All they have to do is ban a few people from all of Alphabet to set the example, and then 99% of folks will either subscribe or disable their ad blockers.
It can be like you said or, on the other hand, be the trigger to even more people to seek for alternatives.
Because getting banned from all of their services would really, really suck for most people who depend on them.
While true, fighting with your own clients/source of income is not a very brilliant strategy for a company. People that depend on them for serious reasons can simply decide that the risk is becoming too high and simply seek other solutions. All the SCO saga should have taught something…
Unfortunately, big picture is, they will come out on top. Because of the “embrace, extend, and extinguish” model that they are veterans at. IOW, they know how to royally screw people.
Maybe Google can win this battle, but I am not sure about the war. If the data that show that about 42% of the internet users had an AdBlocker installed are true, it remain to be seen how many of them will accept the condition Google set.
At this point is clear that the use of AdBlockers is hurting them in a way or another and while user may find an alternative solution for Google services, Google cannot find an alternative users for its services. In the end Google lose even if they only show a slower grow then predicted.
Boozilla@lemmy.world 1 year ago
You are more optimistic than I am, and I hope you are right. I am mildly encouraged by some of the backlash we’re seeing in the news against tech bros.
gian@lemmy.grys.it 1 year ago
Nah, maybe I am just older and already seen this happening, and not only in tech.
The problem Google has is that they are on the edge: they need to fight adblockers but they cannot hurt too much the average user while the adblock users already shown that they accept to “go to war”. And I don’t think that Google has more resources than “us”.
There is only so much ops a normal user accept to be able to use a service, they cannot take it too far to become an inconvenient to the average users. This way they simply will lose even the normal user.

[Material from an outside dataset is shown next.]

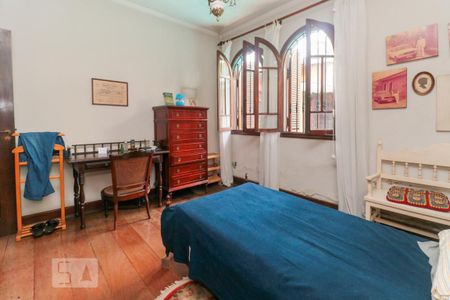 Casa para alugar com 400m², 4 quartos e 6 vagas Casa para alugar com 400m², 4 quartos e 6 vagasQuarto 1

A good parallel I do looking at myself is with Amazon, my orders hystory shows that when I started to use it I made much more orders, then in time Amazon got worse: cheap chinese clones, amazon ripoffs, query that shows irrelevant products, more and more difficulties to find the right product even if queried with the correct full name, so I simply switched to other online shops when I need to buy a certain brand product and not a cheap ripoff. So Amazon lost about 80% of my orders.
Same for Youtube: if while fighting against the adblockers they make the service worse even for the “average Joe” they will lose users and relevance.